The above map shows 8 of the Finno-Ugric Republics that have common Finnic language roots. Due to isolation from oneanother, however, their languages developed separately and acquired different loan words. For example, the Finns say "terve" (health) "hello," while the Mari say "salam." Interestingly, the further north and west one goes, the closer the language resembles Finnish, while the southern languages, whether in the Baltic or Urals, are more unintelligable. Presumeably, this is due to influence from southern contact, while this is minimized in the north.

The Finnish tribes were often distinguished from their Slavic neighbors by their cleanliness. The Mari, for example, had a custom of wearing sparkling clean off-white clothes. Slavs moving into the villages brought hard liquor and were accepted for awhile until their friends and relatives moved in bringing gifts of vodka. Booze and Finns do not mix well, and the Slavs in the village were soon shunned. But their presence was to become more and more permanent as their quest for riches expanded ever further north. It reminds one of the tactics used in the American west, right down to the inevitable scorched earth policies of the invading armies of the Czars. Genocide was widespread, and The Plague was given as the official reason for deaths.

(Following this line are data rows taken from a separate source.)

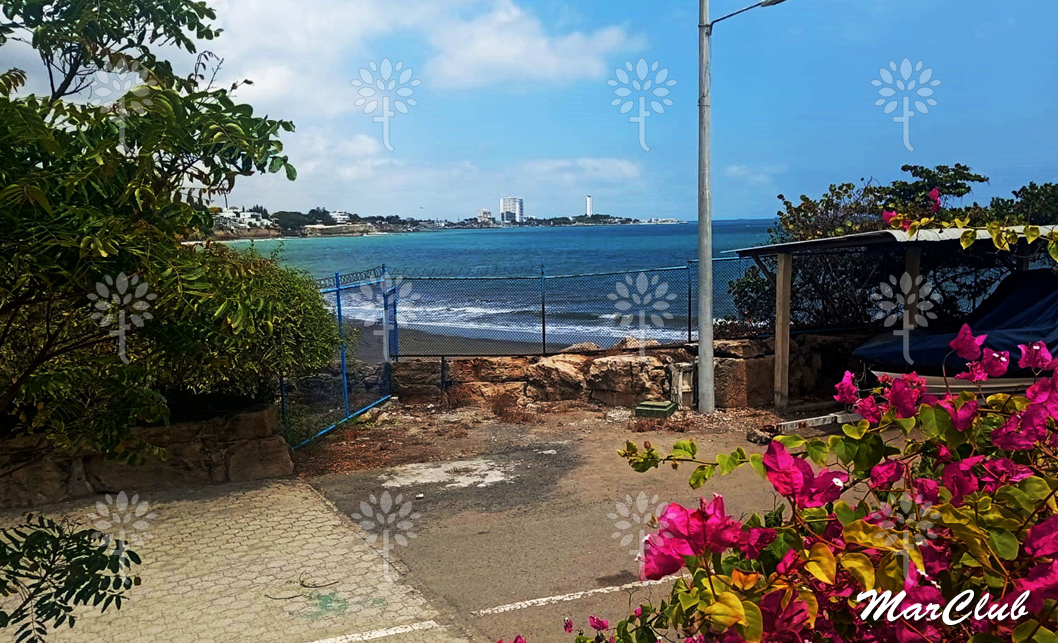 Vista adicional de terreno en venta en Punta Blanca, Santa Elena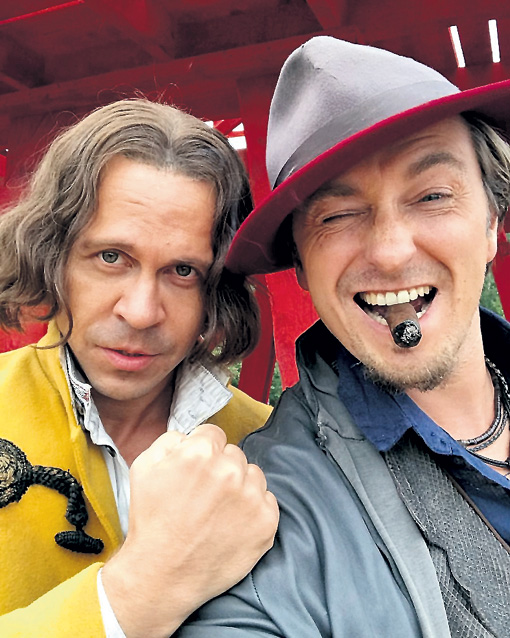 Безруков - Бендер, это понятно. А кого ж играет Паша Деревянко?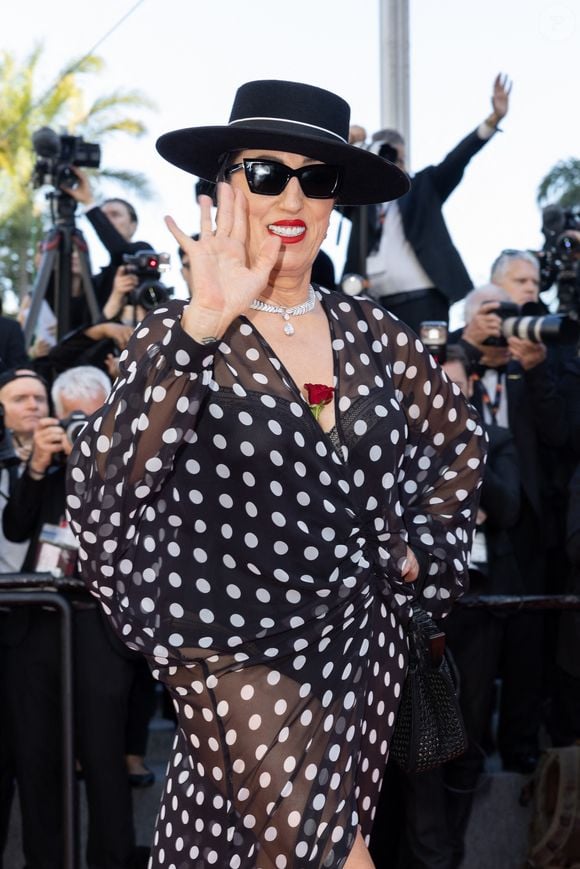 Rossy de Palma - Montée des marches du film « Emilia Perez » lors du 77ème Festival International du Film de Cannes, au Palais des Festivals à Cannes. Le 18 mai 2024 © Olivier Borde / Bestimage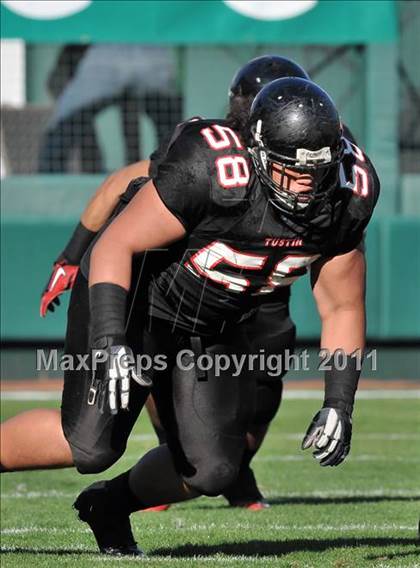 Thumbnail 3 in El Toro vs. Tustin (CIF SS Southwest Division Final)  photogallery.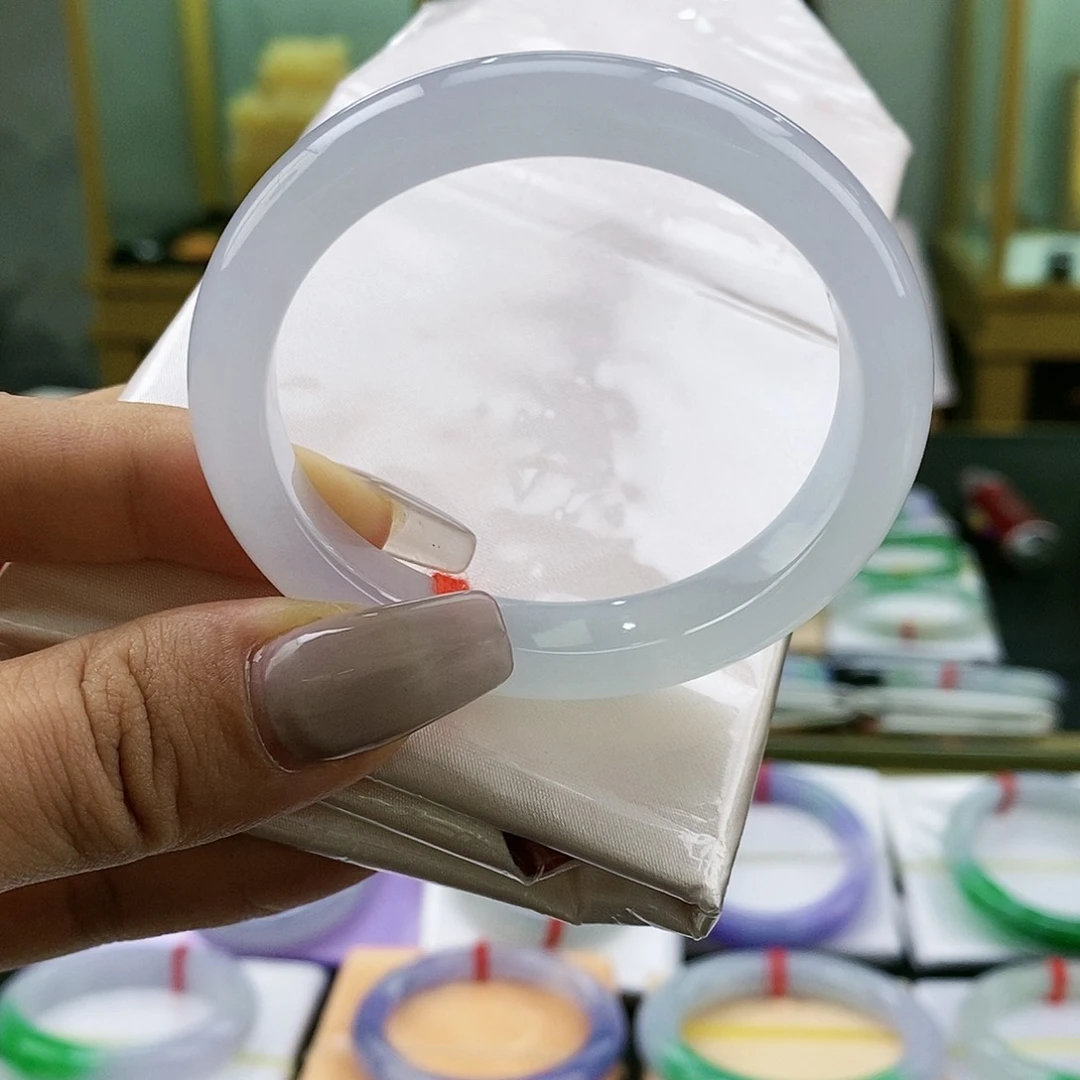 【闪购商品】未镶嵌手镯翡翠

For these reasons northern people began leaving their villages; if they weren't killed by their Slav "friends" then the army took care of it. Eventually populations just moved away. Taxation became a problem too, and unless you converted to the Russian Orthodox Church, your taxes were much higher. You were essentially an outsider if you didn't convert. The Mari (Cheremises, Volga Finns) refused for a long time and a long period of war existed between Mari and the Czar's armies. With boozing Slavs in the village, there could be no peace. As the map shows, the Finns were driven east, north and west, and the Republics they formed in Russia were isolated from one another - a form of divide and conquer.